[Short web captions]
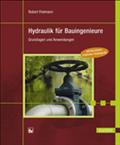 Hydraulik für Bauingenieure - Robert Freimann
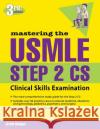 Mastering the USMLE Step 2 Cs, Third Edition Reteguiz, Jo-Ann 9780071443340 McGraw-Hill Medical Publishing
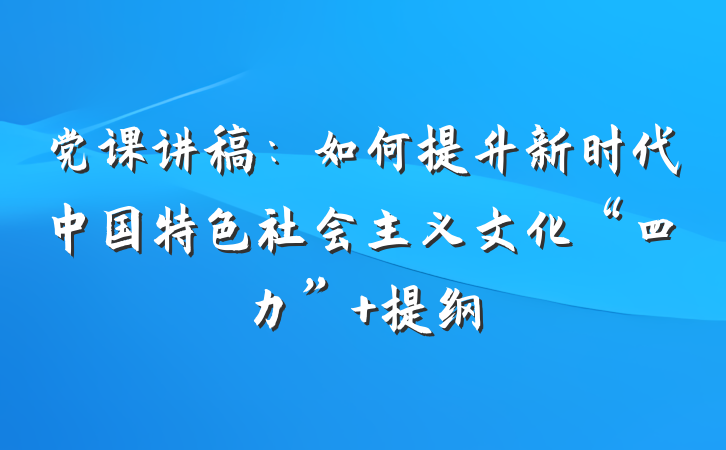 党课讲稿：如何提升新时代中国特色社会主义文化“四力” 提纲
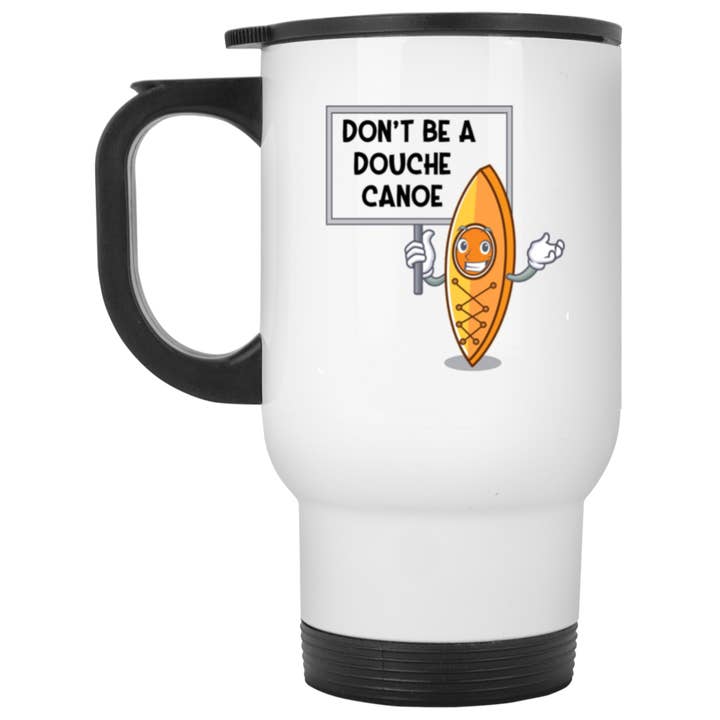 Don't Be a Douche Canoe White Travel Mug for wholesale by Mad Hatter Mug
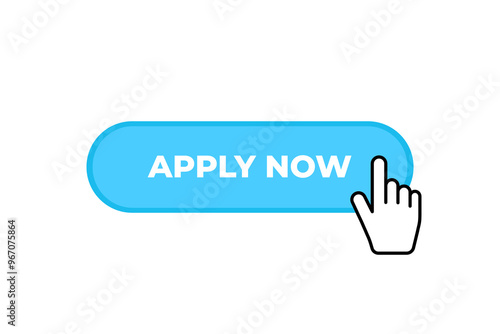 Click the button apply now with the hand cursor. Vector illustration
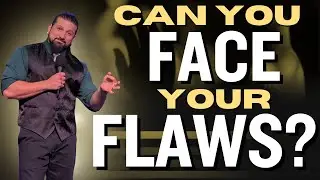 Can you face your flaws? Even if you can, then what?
---
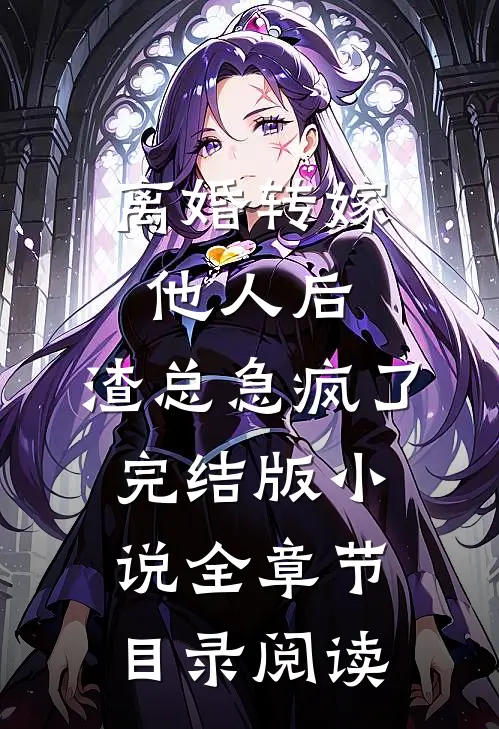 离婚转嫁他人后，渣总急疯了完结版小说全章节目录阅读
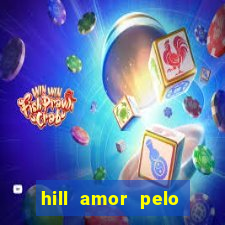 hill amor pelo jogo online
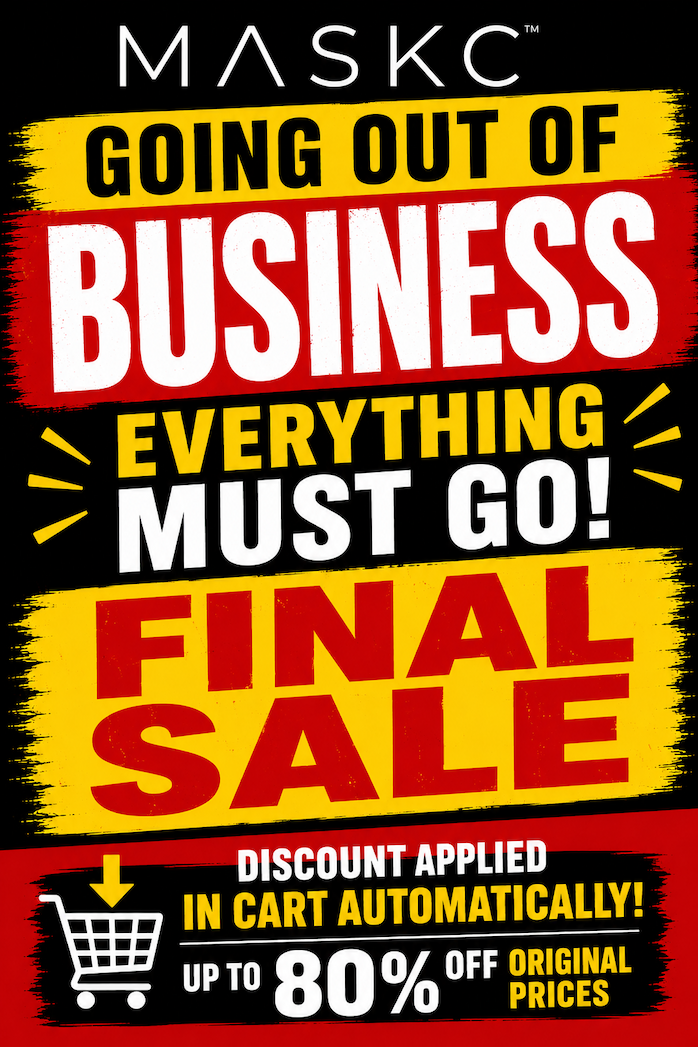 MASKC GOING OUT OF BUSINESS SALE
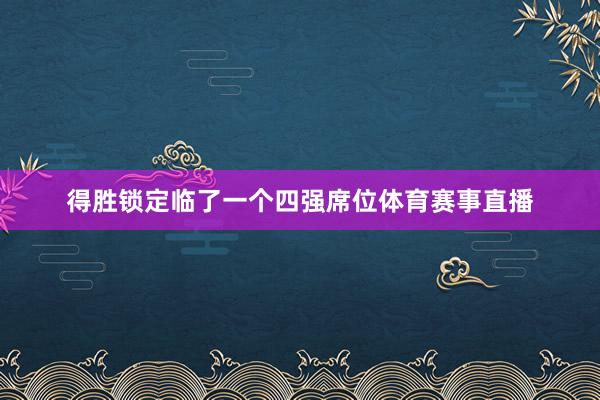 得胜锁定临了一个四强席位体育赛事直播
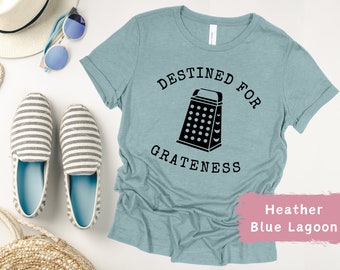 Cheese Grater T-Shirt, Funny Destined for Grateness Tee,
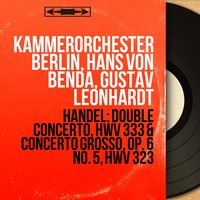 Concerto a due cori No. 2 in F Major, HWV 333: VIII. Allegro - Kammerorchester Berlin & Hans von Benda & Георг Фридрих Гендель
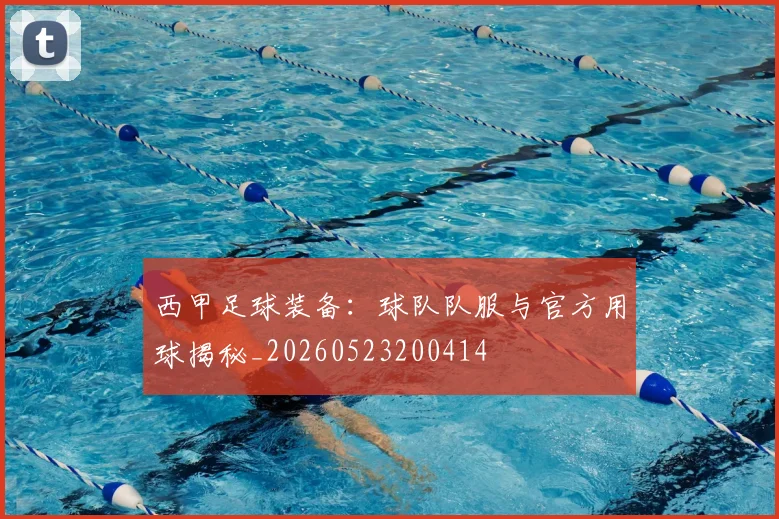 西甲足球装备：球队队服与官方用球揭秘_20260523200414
...
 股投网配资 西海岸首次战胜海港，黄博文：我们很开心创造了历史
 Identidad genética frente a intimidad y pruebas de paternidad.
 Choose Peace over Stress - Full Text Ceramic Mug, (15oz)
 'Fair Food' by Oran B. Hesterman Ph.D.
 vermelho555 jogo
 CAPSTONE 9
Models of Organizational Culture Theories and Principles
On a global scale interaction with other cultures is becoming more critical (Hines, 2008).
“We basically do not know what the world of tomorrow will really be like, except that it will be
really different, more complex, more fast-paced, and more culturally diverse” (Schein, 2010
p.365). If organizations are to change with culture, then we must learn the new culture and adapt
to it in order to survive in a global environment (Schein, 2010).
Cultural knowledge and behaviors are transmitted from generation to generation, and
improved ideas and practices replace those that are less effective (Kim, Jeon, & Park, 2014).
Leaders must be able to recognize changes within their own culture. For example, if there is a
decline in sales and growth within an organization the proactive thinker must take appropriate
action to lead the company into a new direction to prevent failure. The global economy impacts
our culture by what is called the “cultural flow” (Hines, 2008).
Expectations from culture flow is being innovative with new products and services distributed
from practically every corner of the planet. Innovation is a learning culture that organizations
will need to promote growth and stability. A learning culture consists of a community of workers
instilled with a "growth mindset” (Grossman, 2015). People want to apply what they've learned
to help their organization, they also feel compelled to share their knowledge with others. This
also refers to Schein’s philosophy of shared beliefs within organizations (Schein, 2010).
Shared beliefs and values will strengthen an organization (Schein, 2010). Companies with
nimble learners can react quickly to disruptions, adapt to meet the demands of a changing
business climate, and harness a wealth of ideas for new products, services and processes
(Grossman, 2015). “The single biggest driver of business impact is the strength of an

[TASK PROMPT]
Using the data above, retype exactly the lines from the line with "Don't Be a Douche" to the line with "Can you face", inclusive. No pictures and nothing else.

[RESPONSE TO THE TASK]
 Don't Be a Douche Canoe White Travel Mug for wholesale by Mad Hatter Mug
 Click the button apply now with the hand cursor. Vector illustration
 Can you face your flaws? Even if you can, then what?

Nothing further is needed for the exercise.